If anything remained to be learned from the object lesson of Mr. Williams' execution, it had to be sought in the assertive pre-game coverage on the cable channels. Panelists, the usual admixture of lawyers, advocates and the requisite family members of victims proved again that we have nothing new to say about capital punishment. It is either right or wrong, and only the volume of the arguments seems to vary.
What we do know is that an execution is a wonderful backdrop for big talk and ersatz suspense.
On CNN, Nancy Grace, self-appointed advocate for those who cannot speak for themselves, be it because they are dead or because she is talking over them, fretted about whether the execution would come off as scheduled. Five times she invoked the specter of a Supreme Court "rogue justice" issuing a stay. She told one panelist such a stay might come from "the kooky 9th circuit" and "boom, it's all off."

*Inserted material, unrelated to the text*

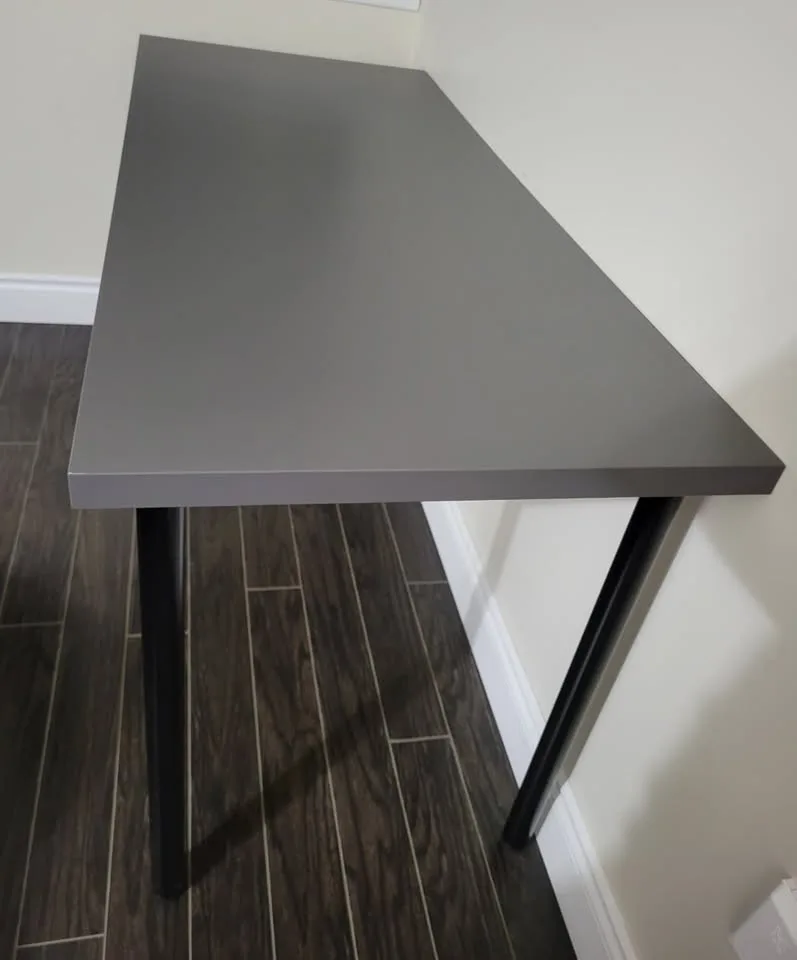 IKEA Desk – 140 x 60 cm (Grey Effect Black) image indicator(2)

After arguing with Mr. Williams' trial lawyer -- "He keeps claiming he's innocent now, but he didn't have the guts to take the stand and be cross-examined at trial, did he?" -- Ms. Grace interviewed David Wohl, a defense lawyer and television commentator who would witness the execution. He explained his motive for doing so:
"You know, Nancy, it was offered to me. It was made available. I think it's a very rare event. I think it's an event that our viewers deserve to get a firsthand report on. It's probably the highest profile execution, arguably, since Gary Gilmore in 1977. And it's just something I simply couldn't pass up, as a member of the media and a lawyer, Nancy." In other words, Mr. Wohl was motivated by the same sense of the moment that attracts philistines to an opera or might induce Paris Hilton to buy a Picasso. Mr. Williams, for his own part, asked family not to attend the execution, thinking they might find it unpleasant.
On "Larry King Live," viewers were treated to the sight of radio talk show host Dennis Prager and actor Mike Farrell expressing their mutual disgust for each other. Let's listen in:
Farrell: "You sit there and lick your lips about the death of a human being. You disgust me."

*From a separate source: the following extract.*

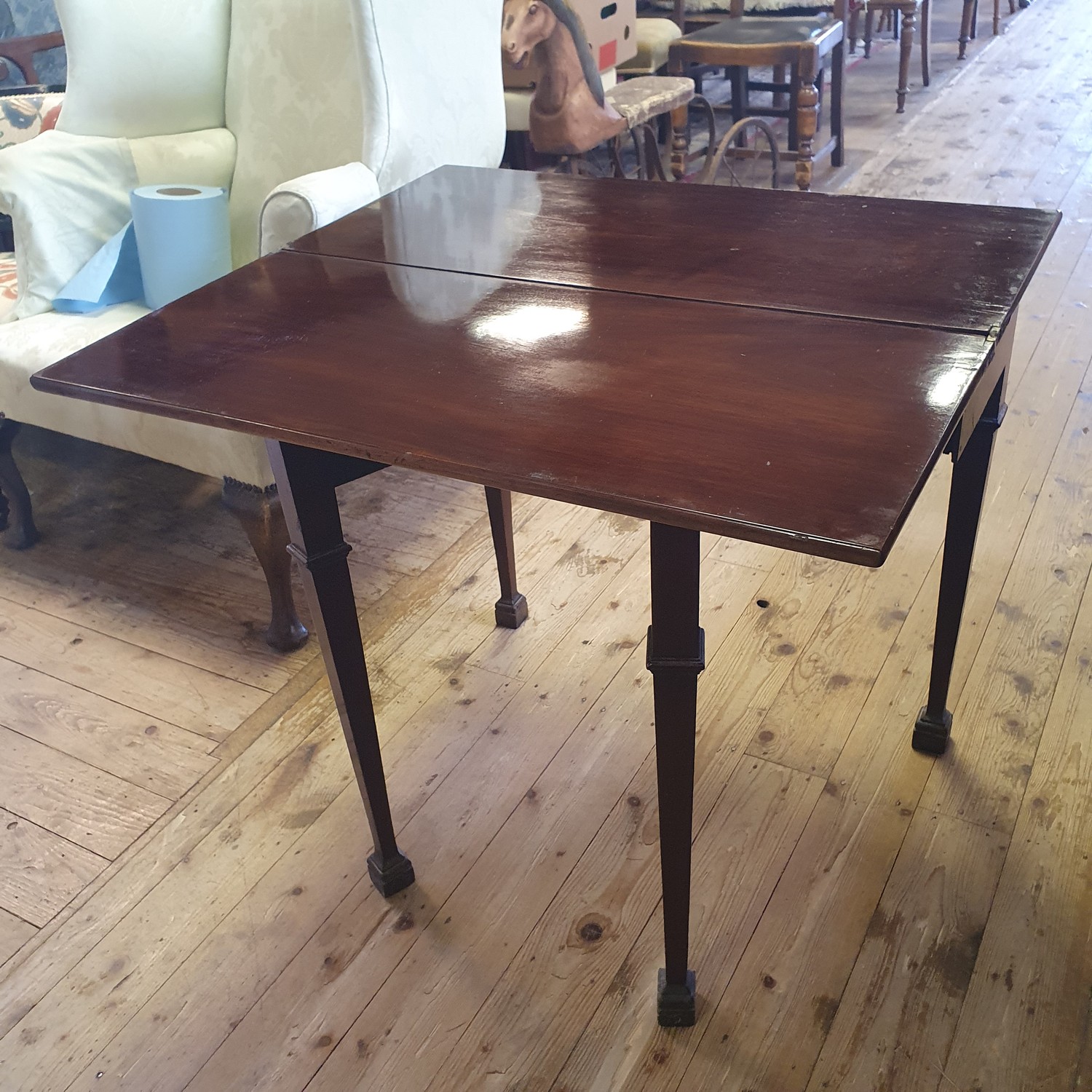 A 19th century mahogany tea table, 76 cm wide - Image 4 of 4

Prager: "You disgust me, so it's mutual."
Farrell: "Thank you, sir."
As celebrities were edifying America, agents of the state of California were inside the prison following a ritual so rigidly charted someone could have thrown incense into the room, invoked the name of a pagan god and hoped for better crops when all was done.
Mr. Williams would be laid on a table and strapped down, a trio of chemicals fed into the vein it took a prison nurse 12 minutes to find amid the fat and muscle. He died in the small hours of Tuesday, Dec. 13, the Feast Day of St. Lucy. The Gospel reading for that day's Mass was Matthew 21:28-32, the Parable of the Two Sons.
Jesus told of a father who ordered his sons to work the vineyard. One refused, repented, and went. The other promised to go and never bothered. Which of these, Jesus asked the elders, did the will of his father?
The lesson was obvious in theory and the elders got it right without even noticing they were playing the role of the second son.
"Truly I say to you, the tax collectors and the harlots go into the kingdom of God before you. For John came to you in the way of righteousness, and you did not believe him, but the tax collectors and the harlots believed him; and even when you saw it, you did not afterward repent and believe him."
In the long run, the difference between Tookie Williams and the commentators who saw him off on a night of ratings madness is that Tookie Williams died first.
A monster in deed was chanted to his doom by monsters in word.
His sincerity was no less convincing than that of the talking heads I sometimes suspect of loving their voices more than their thoughts.
Perhaps their words are sincere and their beliefs solid enough that, when they get to heaven, it will not alarm them if the first face they see is a long-forgiven man called Tookie.